The Lineup That Had No Holes
The five 100-RBI players weren't an accident of individual talent stacked next to each other. They were the product of a batting order engineered by Joe McCarthy with one guiding principle: every hitter protects the one before him.
You couldn't pitch around Gehrig because DiMaggio was on deck. You couldn't pitch around DiMaggio because Dickey was behind him -- hitting .362, the highest average among the regulars. You couldn't go after Lazzeri because the old second baseman had been driving in runs since the Ruth days. And Selkirk, the man who'd inherited Babe Ruth's right-field spot (and his locker, which took a certain kind of nerve), quietly produced 107 RBI while the spotlight pointed elsewhere.
The result was a lineup with no place to hide. Opposing pitchers faced five legitimate middle-of-the-order bats every time through, and the team scored runs at a pace that made the pennant race irrelevant by August.
The Five
| Lou Gehrig | 49 HR, 152 RBI, .354 AVG |
| Joe DiMaggio | 29 HR, 125 RBI, .323 AVG |
| Tony Lazzeri | 14 HR, 109 RBI |
| George Selkirk | 18 HR, 107 RBI |
| Bill Dickey | 22 HR, 107 RBI, .362 AVG |
Gehrig at 33 was still the most dangerous hitter in the American League. He led the league in home runs and runs scored, won the MVP, and didn't miss a game. His 1936 season stands as one of the finest age-33 campaigns any hitter has ever produced.
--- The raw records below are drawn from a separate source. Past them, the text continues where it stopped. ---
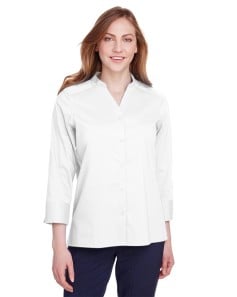 preview image of Devon & Jones DG560W Women's Crown Collection® Stretch Broadcloth Three-Quarter Sleeve Blouse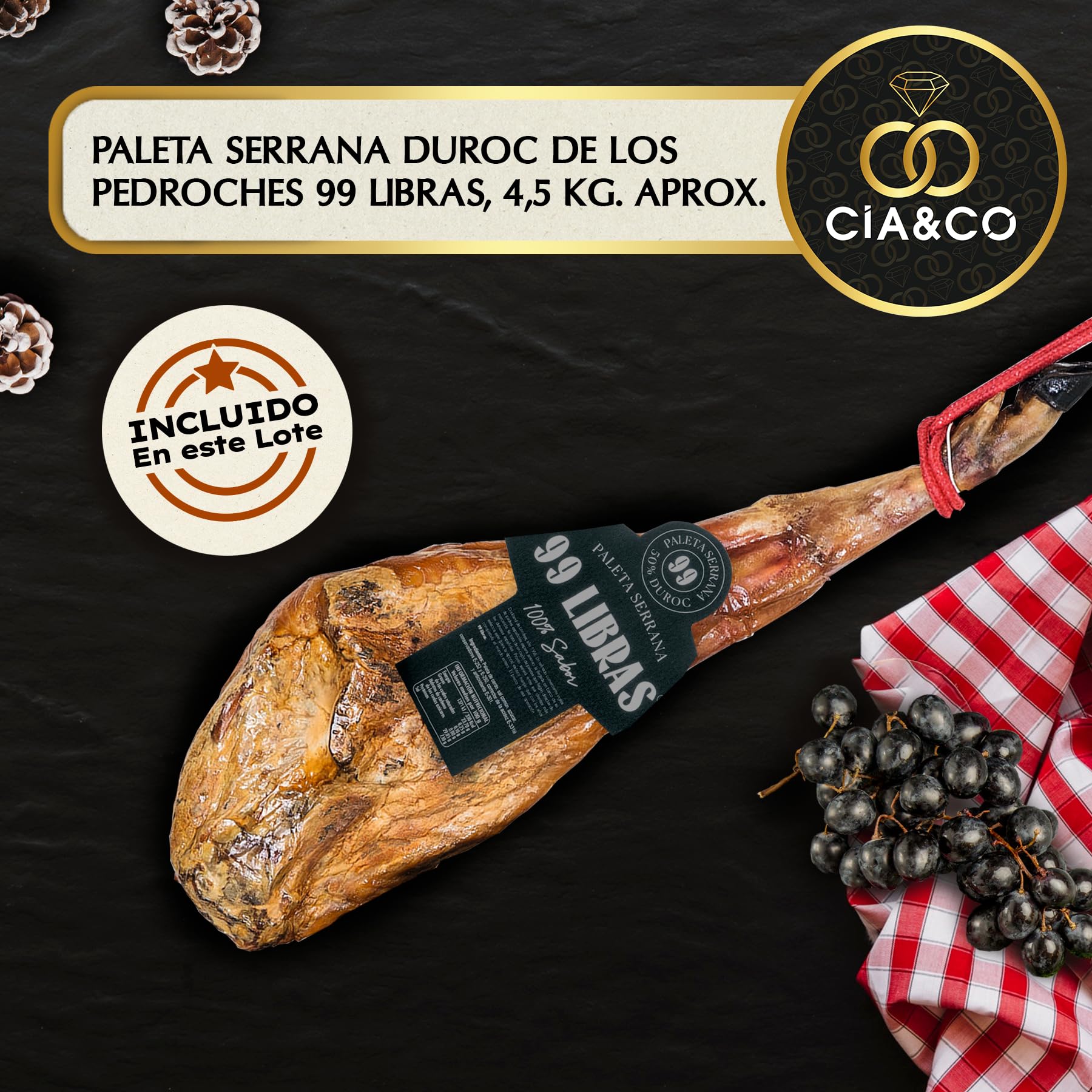 Christmas Basket with Gourmet Ham 2025 (Lot 400) · With Serrana Palette, Red Wines, Selected Iberian Wines and Cured Cheese · Includes Customizable Card · Ideal Corporate, Family or Personal Gift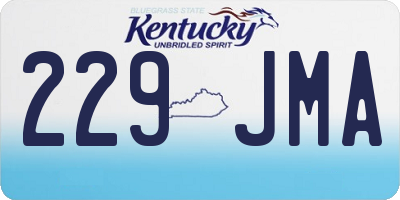 KY license plate 229JMA
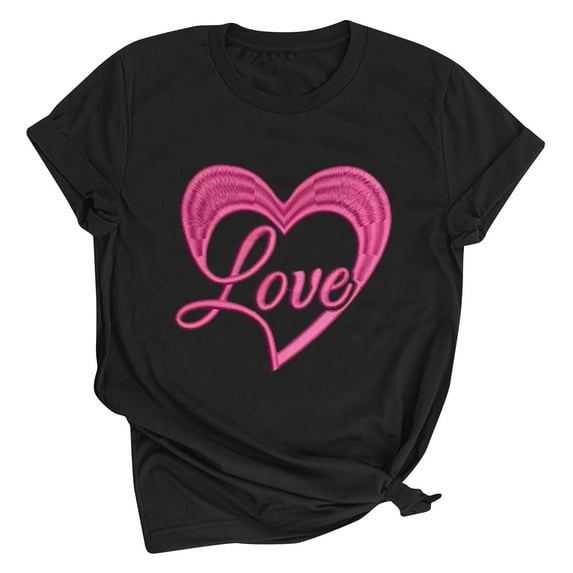 Riecok Valentines Day Shirts Women Plus Size Scoop Neck Heart T Shirt for Women Short Sleeve Summer Casual Comfy Novelty Graphic Tops Black S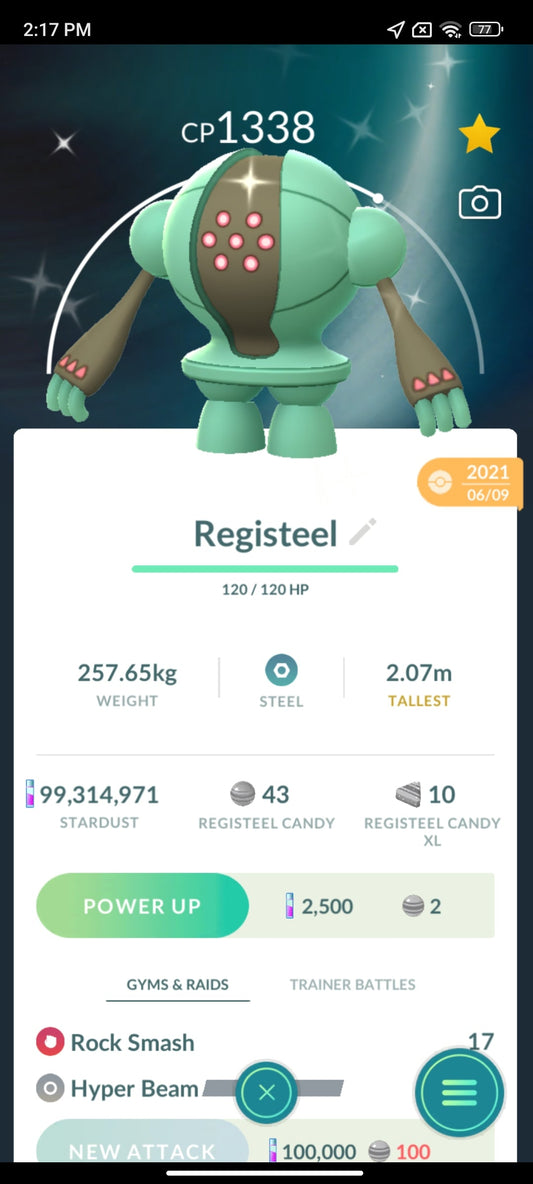 Shiny Registeel Pokemon Go Trade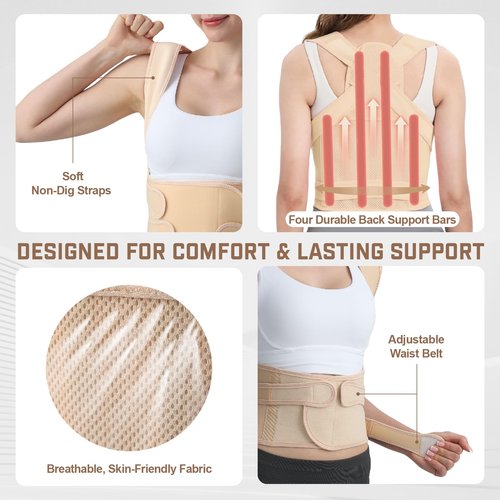 BLACKYEW Posture Corrector for Women & Men, Adjustable Back Brace Shoulder Straightener, Full Back Support for Upper & Lower Back Pain, Hunchback, Scoliosis Relief (Medium, Beige)
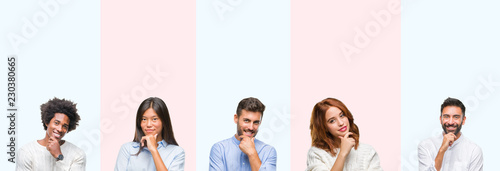 Collage of group of young people over colorful isolated background looking confident at the camera with smile with crossed arms and hand raised on chin. Thinking positive.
DiMaggio's rookie numbers would've led most teams in every offensive category. On this roster, they made him the second-best hitter. His 15 triples led all of baseball -- a detail that gets overlooked because the home run and RBI totals draw the attention, but those triples tell you something about how DiMaggio played the game. He ran hard. He took extra bases. He treated doubles as personal insults.
Why It Can't Happen Again
The five 100-RBI season is a relic of a specific era and a specific kind of team construction. Modern baseball works against it in almost every way.
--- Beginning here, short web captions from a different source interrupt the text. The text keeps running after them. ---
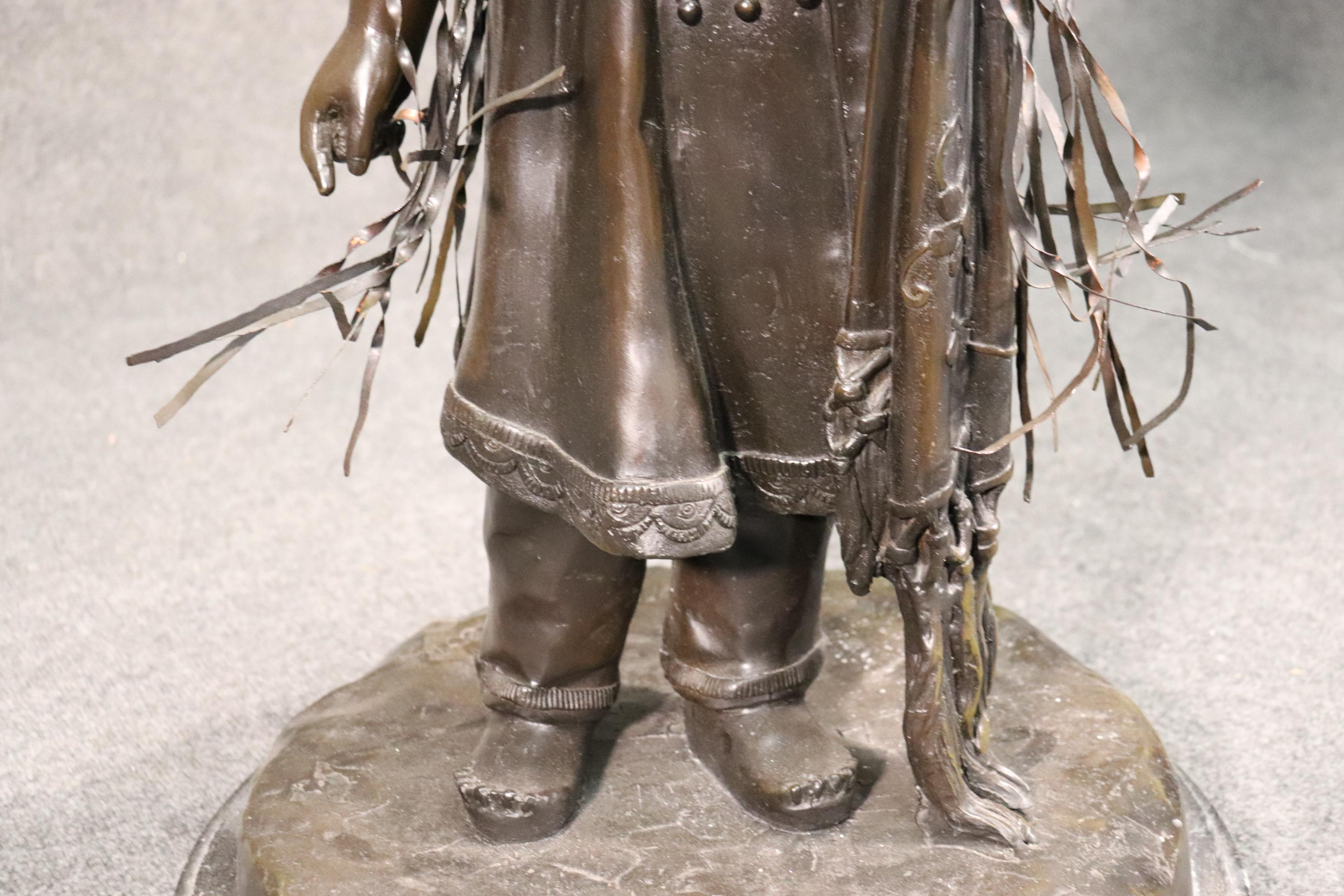 Signed Jim Davidson Solid Bronze Native American Girl Statue 1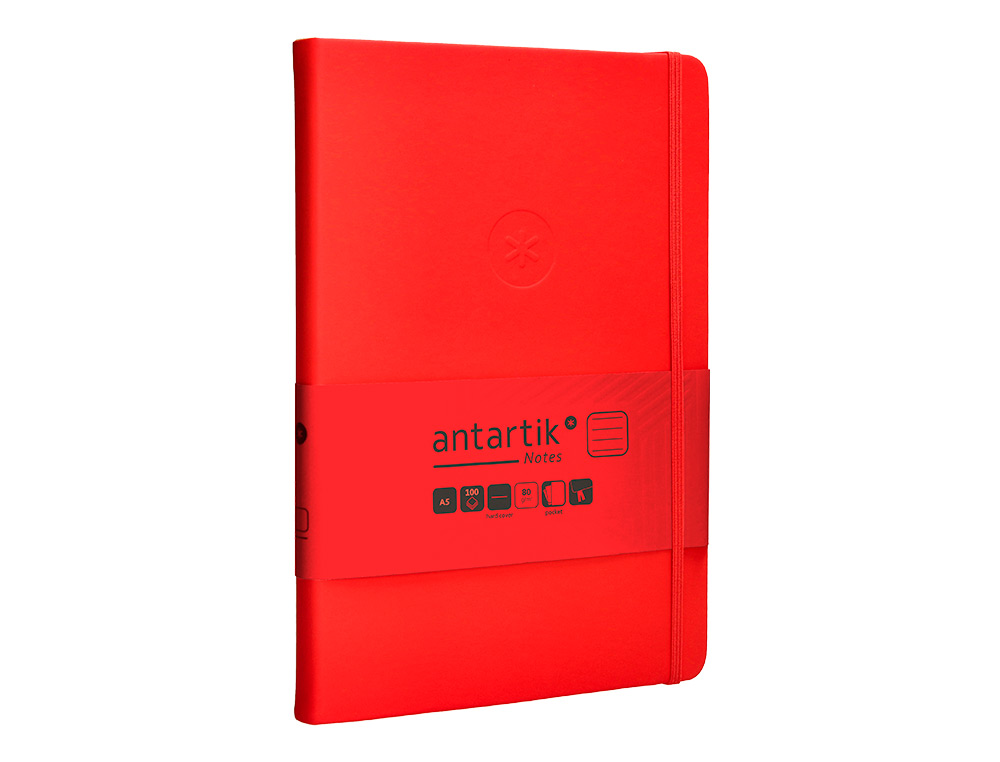 CUADERNO CON GOMILLA ANTARTIK NOTES TAPA DURA A5 HOJAS RAYAS ROJO 100 HOJAS 80 GR FSC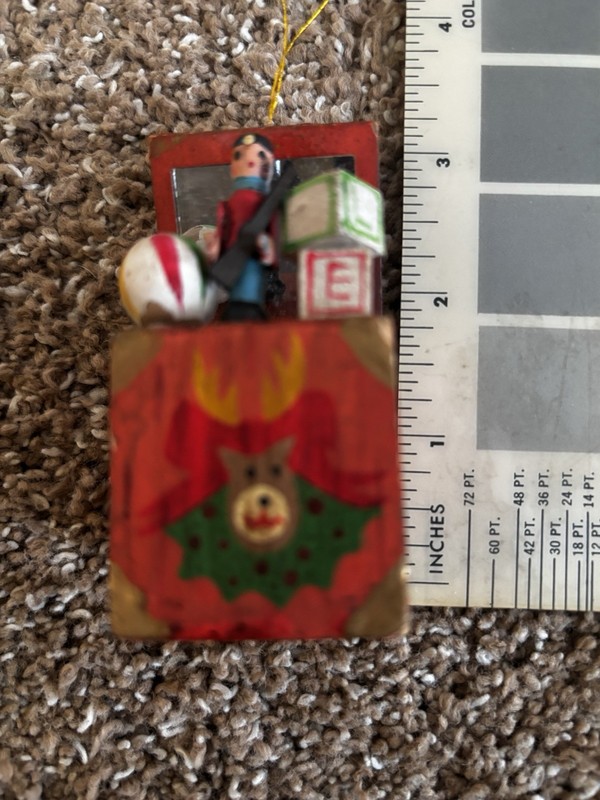 Vintage Christmas Ornament 3” T Russ Toy Soldier W Ball & blocks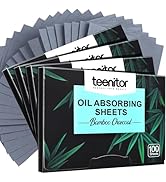 Teenitor 400 Counts Oil Blotting Papers for Face, Bamboo Charcoal Oil Absorbing Sheets for Oily S...
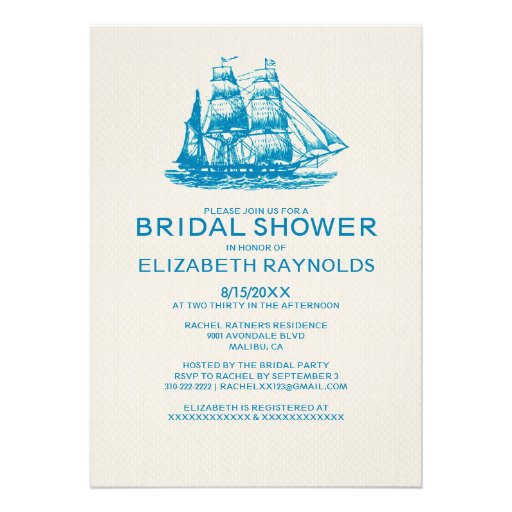 Old Boats Bridal Shower Invitations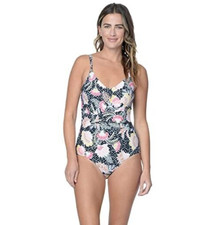 Jantzen L123101 Women  s Black Floral Reef Gloria One-Piece Swimsuit Size 14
Platoon usage and rest days mean fewer plate appearances. The shift toward strikeouts and walks (and away from balls in play) reduces RBI opportunities. Teams value OBP and OPS over counting stats, so lineups aren't built around run production the way McCarthy built his. And the simple math is brutal -- five players at 100 RBI means the team needs at least 500 driven in from five spots, which requires a run-scoring environment that today's game rarely produces.
The closest any modern team has come is four 100-RBI players, and even that's rare. The 1936 Yankees didn't just reach five -- they blew past the threshold with Gehrig at 152 and DiMaggio at 125. The margin wasn't thin. It was comfortable (which, given Gehrig's nature, was probably the point).
The Forgotten Two
Selkirk and Lazzeri don't get enough credit in the retelling. Selkirk replaced the most famous athlete in America in right field and responded by driving in 107 runs -- a total that would've made headlines on 15 other teams. He didn't have Ruth's charisma or his swing, but he produced. That's all McCarthy asked.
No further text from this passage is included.